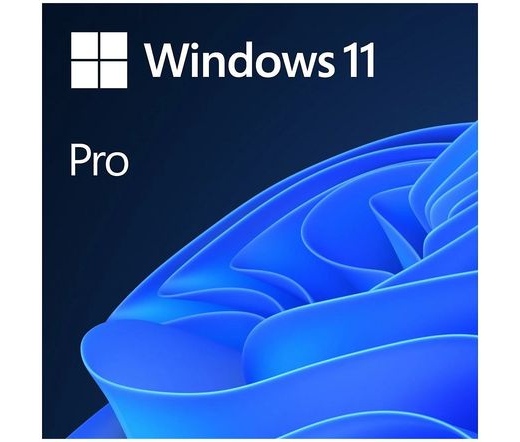 Windows 11 Pro 64Bit Hungarian 1pk DSP OEI
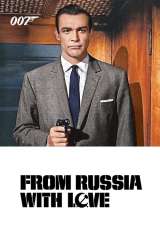 From Russia with Love poster 21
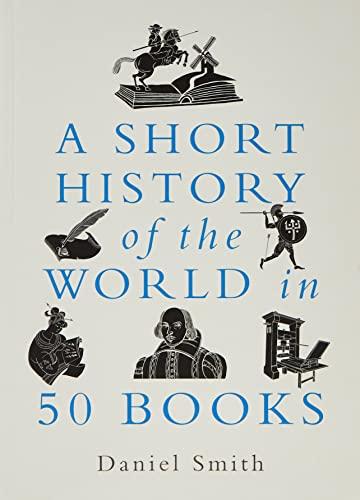 A Short History of the World in 50 Books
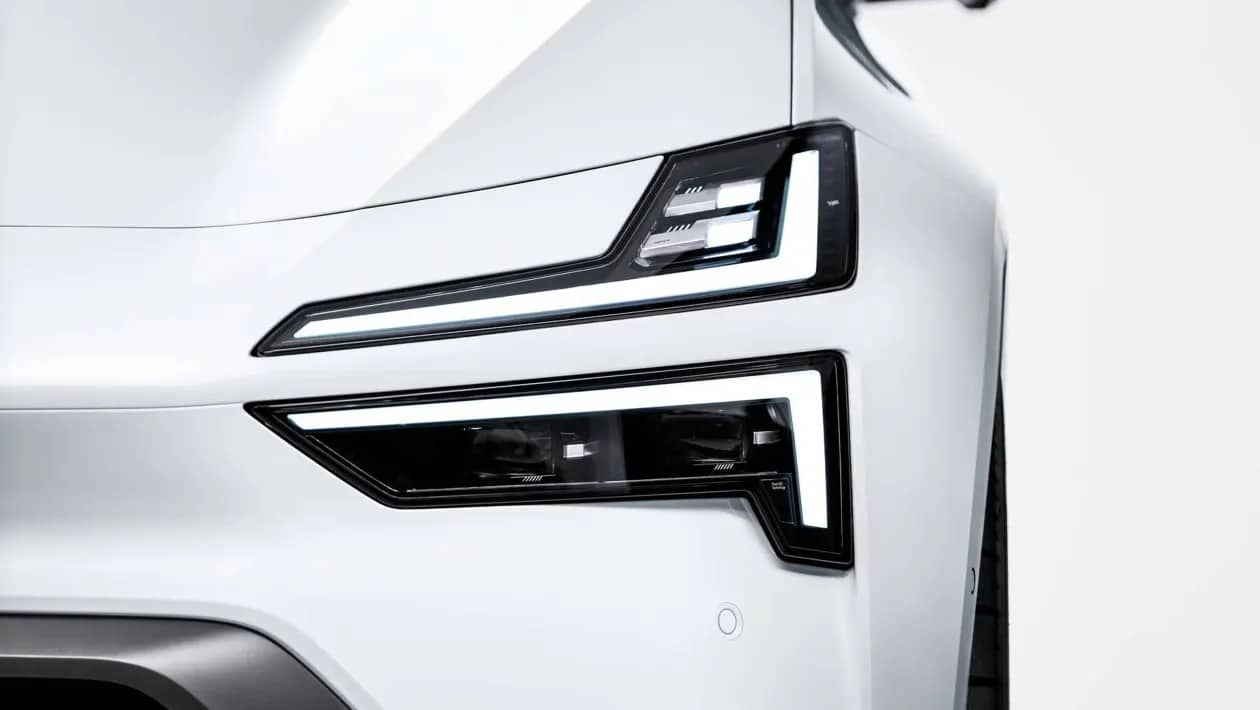 Αποκαλύφθηκε το νέο SUV Polestar 4 και είναι καλύτερο από ποτέ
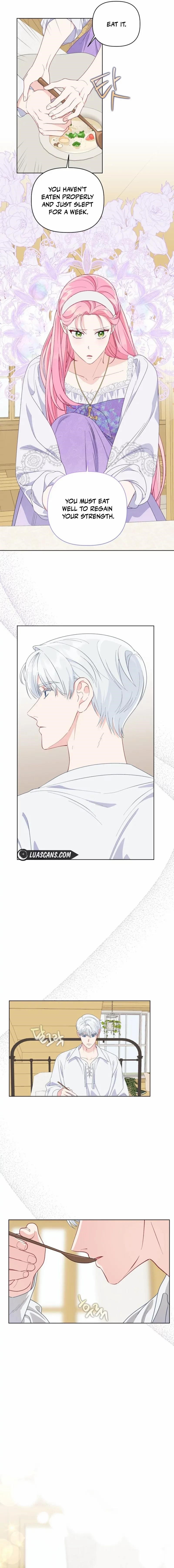 A Transmigrator's Privilege - Chapter 73 Page 6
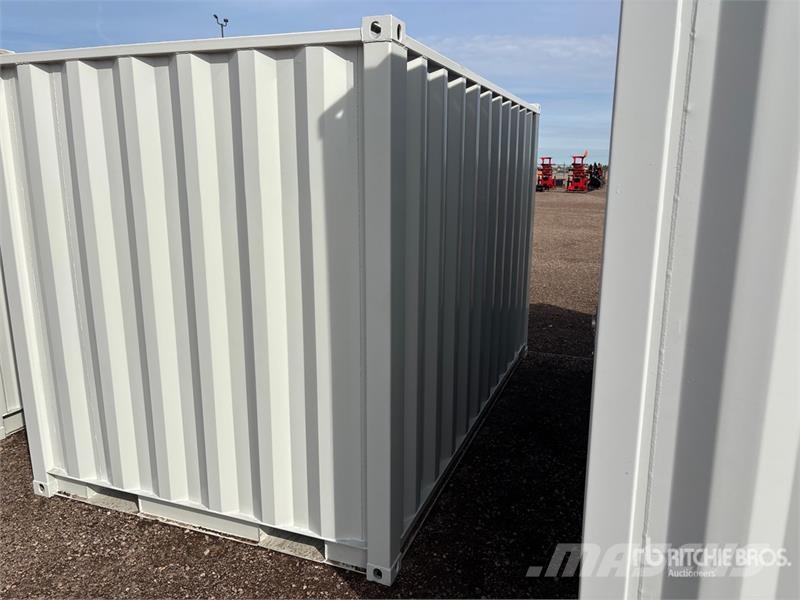  10 ft Storage Container (Unused) Varastokontit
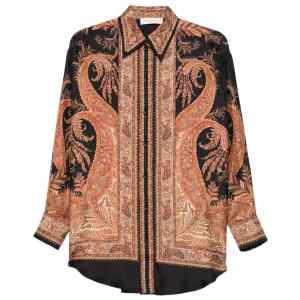 Zimmermann Shirts Black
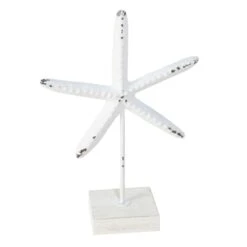 Ty Pennington Starfish Table Decor, 14"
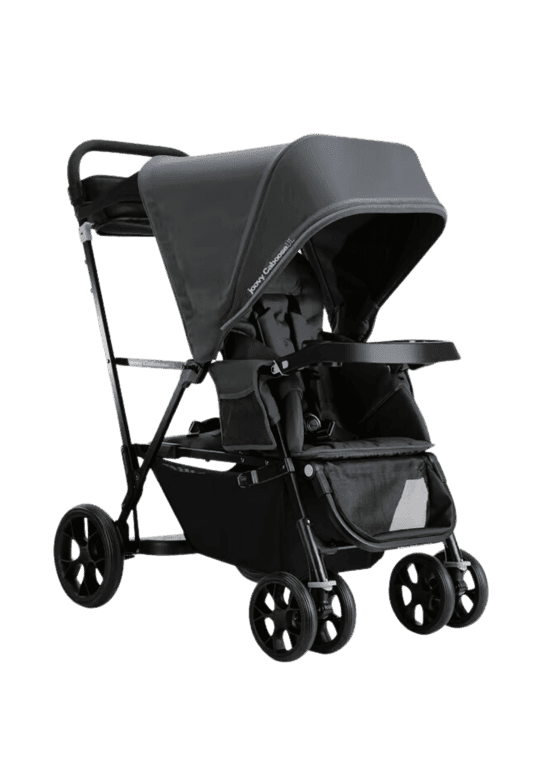 stroller manual brand image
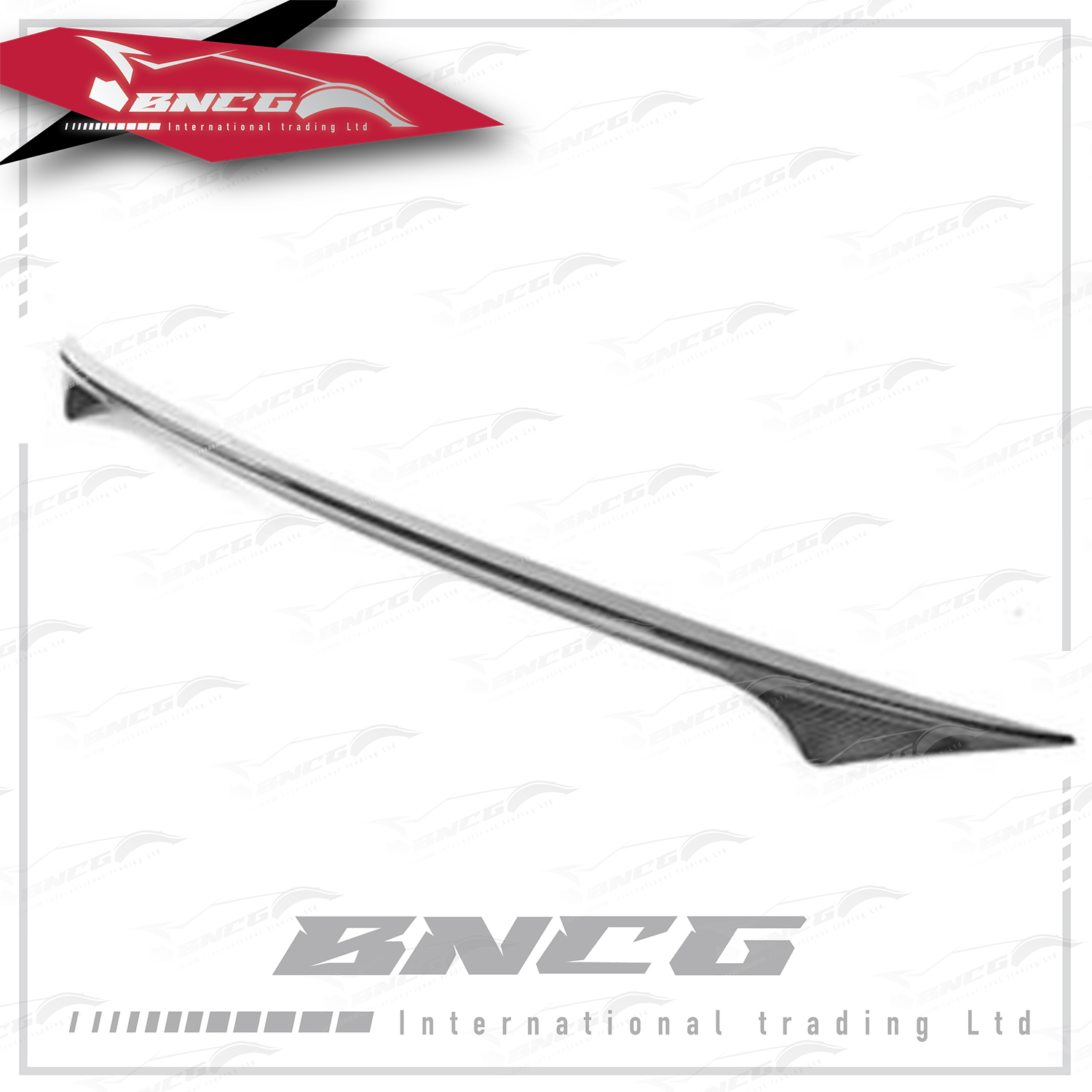 保時捷 Porsche Cayenne 15-17年式 改裝 卡夢 碳纖維 外觀件 空力套件 中翼 擾流板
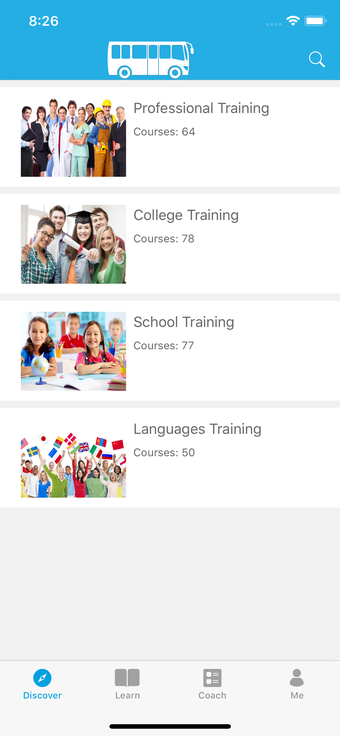 Imagen 2 para GoLearningBus University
☆ ☆ ☆
### TASK REQUIREMENTS
Transcribe exactly each line of the records from the start up to and including the one with "Zimmermann Shirts Black", and leave out every picture.

### TASK RESULT
 Windows 11 Pro 64Bit Hungarian 1pk DSP OEI
 From Russia with Love poster 21
 A Short History of the World in 50 Books
 Αποκαλύφθηκε το νέο SUV Polestar 4 και είναι καλύτερο από ποτέ
 A Transmigrator's Privilege - Chapter 73 Page 6
  10 ft Storage Container (Unused) Varastokontit
 Zimmermann Shirts Black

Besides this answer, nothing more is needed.